La combinación de los mecanismos de disciplinamiento del neoliberalismo (desempleo, bajos salarios, austeridad, retracción de lo público, etc.) con los del fascismo (genocidios, deportaciones masivas, persecución política, listas negras, escraches, etc.) acelera la pérdida de soberanía, pero el catalizador más importante es otra clase de sujeción, que finge ser voluntaria pero esconde el verdadero desequilibrio de poder de esta época: para trabajar, para socializar, para transportarte, para hacer compras, para operar tus cuentas bancarias, para todo debemos someternos a las plataformas de estos supermillonarios, cuyas reglas escapan a cualquier control. Literalmente se reemplazó el pacto social con una pestaña de términos y condiciones a la que le damos “ACEPTAR” sin haber leído.
El artículo de Crisis culmina con un necesario llamado a la acción: “Ni Milei es la dictadura, ni las formas de lucha que vienen serán parecidas a las que fueron. Pero en la memoria colectiva han sido inscritas (muchas veces con sangre) algunas verdades políticas que hoy recobran inusitado valor, y que no deberíamos sacrificar nunca más en pos de ganar a toda costa”. A eso agrego algo más: la dinámica de esta época condena al fracaso la resistencia de trincheras, la de no perder “lo que tenemos”, no porque no hayan cosas por perder (todavía hay muchísimas) sino porque parte de una primera persona del plural que hoy no se reconoce como tal en esa defensa.
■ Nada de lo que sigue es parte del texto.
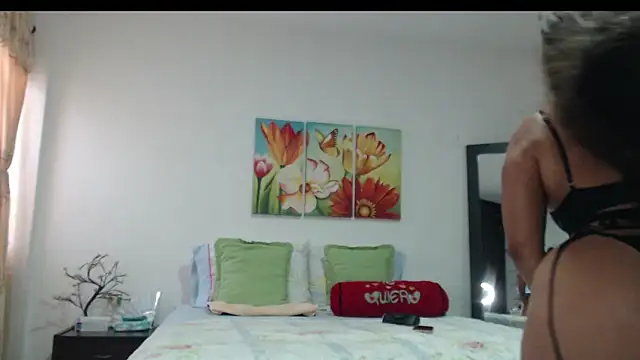 BombasticASSXXX online show from 13, 4, 2026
Y eso vuelve a esta situación tan precaria como inestable.
Es decir: si no se construyen nuevos cimientos para una democracia más sólida, más justa, más eficaz, con más autoridad ante el capital, con más legitimidad popular, y por lo tanto necesariamente más inclusiva, una democracia, al fin y al cabo, más democrática, lo que nos queda se vendrá irremediablemente abajo. En la entrevista que cité al comienzo de esta columna, O’Donnell hacía una advertencia: “Nuestra clase política se está portando como un caso de manual para la muerte lenta. Advierto una suerte de conformismo, tanto en quienes están satisfechos con esta democracia truncada como en sus críticos, como si dieran por sentado que al menos seguiremos teniendo esta pobre democracia. Esta es una estupidez digna de María Antonieta, e ignora que no hay punto de equilibrio para esto que tenemos”.